What a season. Hope you get through fine and that your garden thrives. I’m really not certain that it will be a great tomato season this year, although bizarrely the eggplants seem to be doing well.

Cheers

Chris
Jo said…
Chris, yes, we are seeing smokey days here too now, both from our own fires and from those close to you..
I have started using the mulch already - 117 barrow loads in all came down from the street, and now garden mulching has commenced. I am thinking of trialling it in the vegie garden as well.
Enjoy your eggplants! My tomatoes seem to be doing ok, we'll see how the season progresses. They had a slow start due to unseasonable cold, and now they are dealing with hot and dry, poor poppets.
Rhonda said…
Hi Jo
I met you at the Writers' Group in Launceston in December and have just checked out your blog and found it chatty and interesting.
While I am not a gardener at all, I have some fine specimens in my garden that are crispy - dry and shrieking out for water.
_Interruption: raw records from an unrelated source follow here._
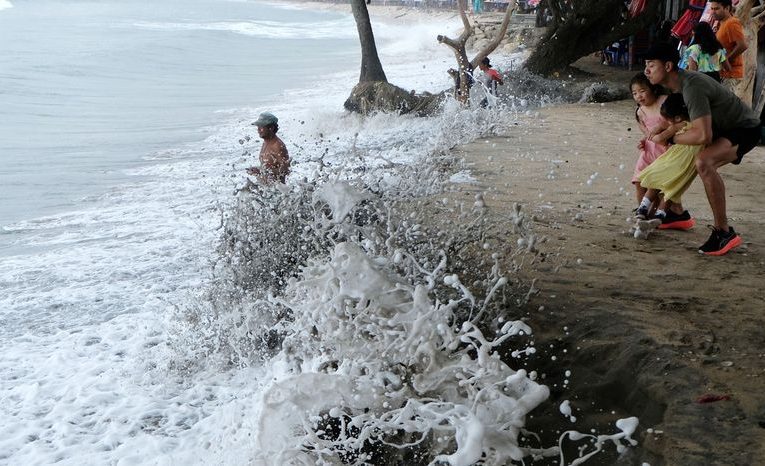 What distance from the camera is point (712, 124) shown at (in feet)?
16.9

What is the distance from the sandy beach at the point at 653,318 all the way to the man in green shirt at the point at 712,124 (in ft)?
0.93

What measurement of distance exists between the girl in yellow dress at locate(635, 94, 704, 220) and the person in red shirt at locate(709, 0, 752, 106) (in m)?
3.07

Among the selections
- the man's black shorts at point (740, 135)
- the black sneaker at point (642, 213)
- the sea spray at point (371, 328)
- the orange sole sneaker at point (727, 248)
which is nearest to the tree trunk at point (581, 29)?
the sea spray at point (371, 328)

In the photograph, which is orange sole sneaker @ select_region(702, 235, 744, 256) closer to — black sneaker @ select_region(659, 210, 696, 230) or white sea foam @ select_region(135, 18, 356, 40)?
black sneaker @ select_region(659, 210, 696, 230)

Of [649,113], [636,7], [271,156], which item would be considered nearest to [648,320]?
[649,113]

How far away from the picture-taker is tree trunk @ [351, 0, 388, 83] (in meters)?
16.5

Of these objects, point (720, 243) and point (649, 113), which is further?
point (649, 113)

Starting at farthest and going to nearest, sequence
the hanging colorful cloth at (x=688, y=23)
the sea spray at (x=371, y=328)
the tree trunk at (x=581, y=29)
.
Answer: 1. the tree trunk at (x=581, y=29)
2. the hanging colorful cloth at (x=688, y=23)
3. the sea spray at (x=371, y=328)

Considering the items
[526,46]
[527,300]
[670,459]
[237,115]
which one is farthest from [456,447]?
[526,46]

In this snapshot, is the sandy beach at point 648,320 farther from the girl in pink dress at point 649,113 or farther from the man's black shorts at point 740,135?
the man's black shorts at point 740,135

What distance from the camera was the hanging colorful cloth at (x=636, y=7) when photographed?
606 inches

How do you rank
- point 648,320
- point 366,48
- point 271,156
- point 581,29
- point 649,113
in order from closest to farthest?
point 648,320 < point 649,113 < point 271,156 < point 581,29 < point 366,48

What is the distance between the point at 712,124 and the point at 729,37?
135 inches

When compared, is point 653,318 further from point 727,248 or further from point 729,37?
point 729,37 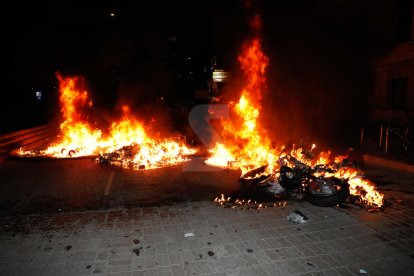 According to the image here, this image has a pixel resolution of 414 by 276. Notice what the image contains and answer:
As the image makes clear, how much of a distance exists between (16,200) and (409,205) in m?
8.78

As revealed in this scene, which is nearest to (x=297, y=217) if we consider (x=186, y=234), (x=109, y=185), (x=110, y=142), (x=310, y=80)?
(x=186, y=234)

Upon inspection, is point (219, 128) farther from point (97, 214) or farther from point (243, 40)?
point (97, 214)

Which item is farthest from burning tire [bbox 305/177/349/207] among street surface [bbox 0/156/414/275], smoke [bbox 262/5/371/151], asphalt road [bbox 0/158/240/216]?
smoke [bbox 262/5/371/151]

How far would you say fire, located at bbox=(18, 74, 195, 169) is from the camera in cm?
1143

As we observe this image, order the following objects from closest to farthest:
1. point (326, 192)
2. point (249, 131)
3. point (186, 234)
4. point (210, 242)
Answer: point (210, 242)
point (186, 234)
point (326, 192)
point (249, 131)

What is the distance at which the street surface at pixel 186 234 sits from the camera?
4.09 metres

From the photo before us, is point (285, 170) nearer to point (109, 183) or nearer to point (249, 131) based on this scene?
point (109, 183)

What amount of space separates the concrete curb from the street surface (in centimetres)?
140

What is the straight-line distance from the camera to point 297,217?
18.1 ft

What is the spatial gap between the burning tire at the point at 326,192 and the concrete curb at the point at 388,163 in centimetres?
405

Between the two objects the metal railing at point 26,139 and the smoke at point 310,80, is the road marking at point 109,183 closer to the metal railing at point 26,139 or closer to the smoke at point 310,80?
the metal railing at point 26,139

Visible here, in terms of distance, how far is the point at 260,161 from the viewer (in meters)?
9.95

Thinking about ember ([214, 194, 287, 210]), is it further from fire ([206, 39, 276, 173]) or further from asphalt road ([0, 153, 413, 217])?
fire ([206, 39, 276, 173])

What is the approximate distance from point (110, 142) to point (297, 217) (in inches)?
506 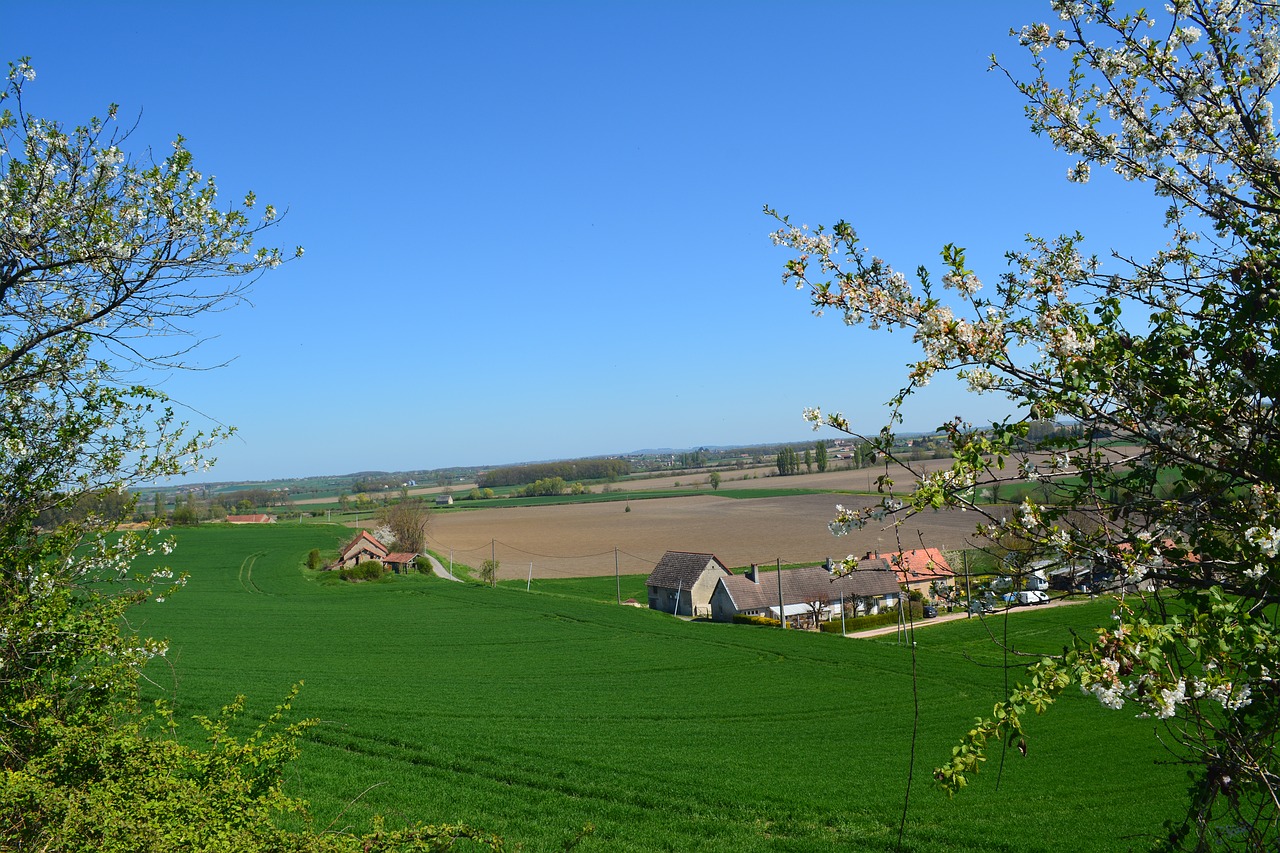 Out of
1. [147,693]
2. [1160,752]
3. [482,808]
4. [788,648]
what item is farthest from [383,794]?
[788,648]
Luckily I don't have any alligators in my garden, and try not to see any small lizards or a blue tongue lizard that lurks under our back deck (I have a morbid fear of even the tiniest skinks).
Loved your comment about the dish fairy - I'm sure she does exist along with the tooth fairy, but she is yet to make a visit to my house. Do I need to lose a tooth to get both fairies along to my house - perhaps they could share an uber?
See you at our next Writers' Group Meeting in Feb Jo
Rhonda
Jo said…
Rhonda, so nice to hear from you! One of the silver linings of a dry summer is discovering which plants are survivors. Then you can take everything else out if so desired and have a perfectly self-sufficient xeriscaped garden:)
Perhaps you could experiment re fairies and let me know??